Boat People SOS (BPSOS) is a 501(c)3 nonprofit organization devoted to Vietnamese-American civic and political activism. It is headquartered in Falls Church, Virginia. BPSOS' mission is to "empower, organize, and equip Vietnamese individuals and communities in their pursuit of liberty and dignity." BPSOS claims that one in 10 Vietnamese Americans has received assistance from BPSOS while still in Vietnam, on the high seas, in a refugee camp, or after arriving in the United States. Through their 17 office locations in the U.S. and two office locations in Southeast Asia, they provide a web of services to support individuals, families, and communities.
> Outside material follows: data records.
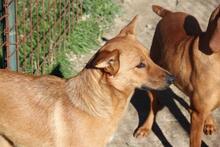 LULA, Hund, Mischlingshund in Italien - Bild 4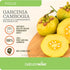 Naturewise Garcinia Cambogia - 60% HCA Extract, Natural Support for Weight Goals, Energy Levels - Vegan, Non-GMO,
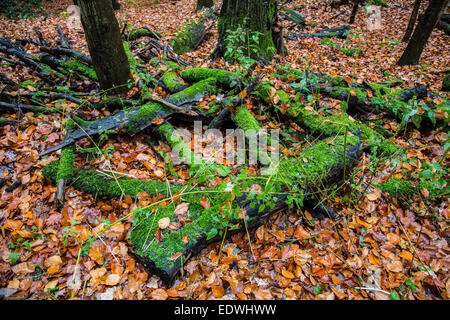 Forêt, l'automne, les troncs des arbres, couvert de mousse Banque D'Images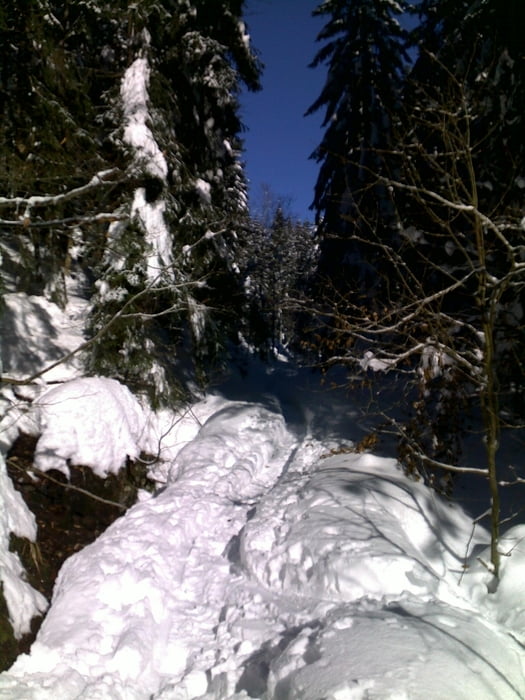 über Risslochschlucht zur Chamer Hütte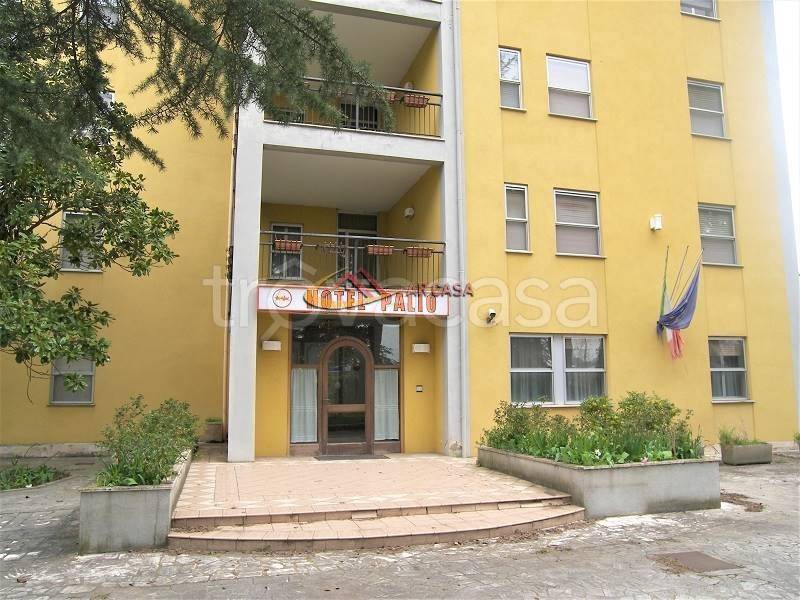 immagine annuncio 2 di 14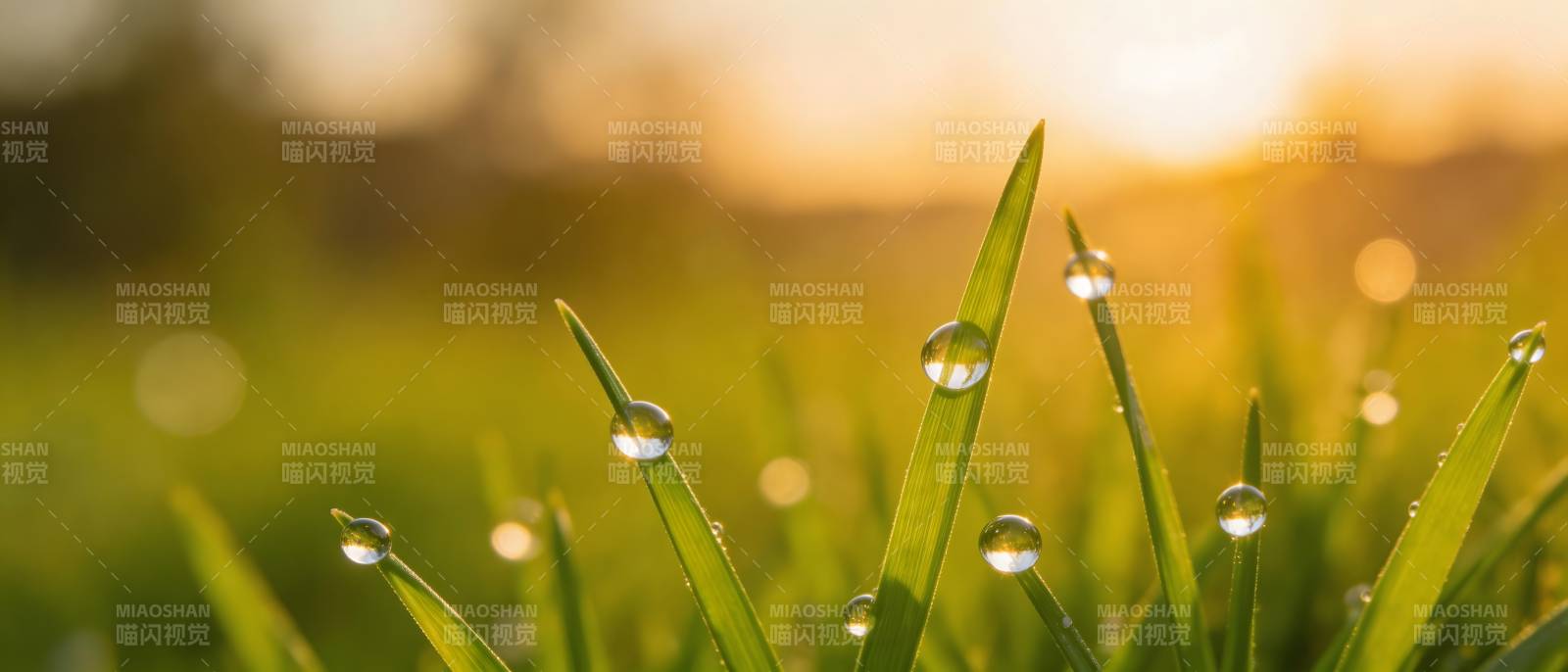 晨露映朝阳 草尖闪金光图片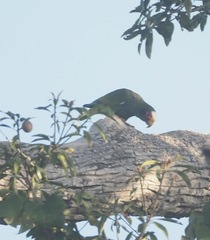 Amazona xantholora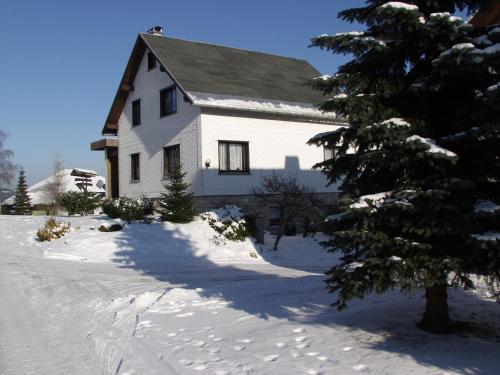Appartement Ferienwohnung Hauptmann Promenade 5a Frauenwald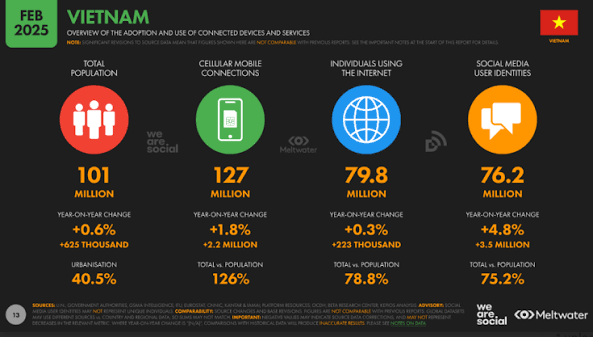 Digital Insight 2025 Vietnam Report: What do marketers need to do to break  through?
BPSOS has experienced significant growth and positive media, especially with Pamela Constable's article in The Washington Post on 2008 October 21. On 2008 December 6, BPSOS volunteer and former (1996-2002) board member Anh "Joseph" Cao became the first Vietnamese-American to be elected to Congress.

History

Origin
Founded in San Diego and Songkla Camp, Thailand as Boat People S.O.S. Committee, in their early days they conducted voluntary rescue-at-sea missions, rescuing over 3,000 boat people. Later, in response to pirate attacks against Vietnamese boat people in the waters of Thailand and Malaysia, they collaborated with the Thai Royal Navy to fight pirates and bring refugees to safety.

Early Development
Under the Vietnamese communists, people sought ways to escape but were not welcome anywhere. According to the report of United Nations High Commissioner For Refugees, 1/3 of Vietnamese boat people died at sea by killing, storms, illness and food shortage. A total of approximately 250,000 men, women, and children of all ages. Boats were being pushed back out to the seas, and those few survivors who reached shores were put into detention centers.
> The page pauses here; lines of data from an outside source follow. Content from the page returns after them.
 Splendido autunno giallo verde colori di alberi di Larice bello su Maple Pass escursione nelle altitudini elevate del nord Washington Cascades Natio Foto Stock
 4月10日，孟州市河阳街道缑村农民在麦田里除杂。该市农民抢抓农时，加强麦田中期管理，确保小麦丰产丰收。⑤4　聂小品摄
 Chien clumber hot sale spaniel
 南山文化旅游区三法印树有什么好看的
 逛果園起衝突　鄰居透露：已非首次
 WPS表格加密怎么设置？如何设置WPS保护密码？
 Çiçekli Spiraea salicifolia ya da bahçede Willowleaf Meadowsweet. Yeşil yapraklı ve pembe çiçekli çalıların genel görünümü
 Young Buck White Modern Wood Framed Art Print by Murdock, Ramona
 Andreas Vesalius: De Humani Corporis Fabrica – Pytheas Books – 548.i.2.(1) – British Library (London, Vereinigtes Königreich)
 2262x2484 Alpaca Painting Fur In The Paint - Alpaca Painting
In response to major shifts in US and international policies toward the Vietnamese boat people, they moved our headquarters to Northern Virginia to concentrate on advocacy. Rising to the new challenge of saving the last boat people, BPSOS sent lawyers to asylum countries through its Legal Assistance for Vietnamese Asylum Seekers (LAVAS) project and successfully advocated for policy changes, which resulted in resettlement of 18,000 former boat people after repatriation.

Present Status
When most boat people were either repatriated or resettled, they shifted their focus to domestic programs for Vietnamese refugees and immigrants in communities all across America. In 2005 and the years that followed, the Katrina Aid Today (KAT) recovery program was a catalyst for their work in the Vietnamese-American communities of the Gulf Coast. As a direct result of working with KAT, a national consortium of organizations under the guidance of the United Methodist Committee on Relief, they founded branches in Bayou La Batre, New Orleans, and Biloxi. Many of the tens of thousands of Vietnamese Americans living in those areas were poor even before Katrina struck. Working as case managers through KAT, they boosted many families from misery to self-sufficiency through programs to rebuild everything from homes and bank accounts to social networks. In the course of more than two years following Katrina, the BPSOS KAT teams assisted close to 4,000 families, securing them $16.5 million in assistance, placing 850 into homes, and referring 265 to jobs; built capacity for 12 faith-based and community organizations to serve hurricane victims, including raising over $200,000 to support their activities; and established a system to disseminate news and information directly to some 5,000 Vietnamese households via the press, radio, and television.

International Initiatives

CAMSA

Origin
In February 2008, responding to an alarming level of human trafficking in Southeast Asia, BPSOS, in partnership with the International Society for Human Rights, the Vietnamese Canadian Federation, and the U.S. Committee to Protect Vietnamese Workers, launched The Coalition to Abolish Modern-day Slavery in Asia (CAMSA) project. BPSOS is active in tackling the global explosion of human trafficking, especially in the realm of labor exports. Slashed wages, grueling working hours, ill-treatment, and deception are all everyday challenges faced by a new generation of Vietnamese working overseas.

Mission and Aim
CAMSA's mission is to rescue and protect trafficking victims, punish traffickers through economic and legal measures, and pressure the governments of the source and destination countries to enact and enforce anti-trafficking laws and policies. CAMSA’s anti-human trafficking campaign has three focuses:

Rescue and protect victims;
Punish traffickers through economic and legal means; and
Pressure the governments of the source and destination countries to enact and enforce anti-trafficking laws and policies.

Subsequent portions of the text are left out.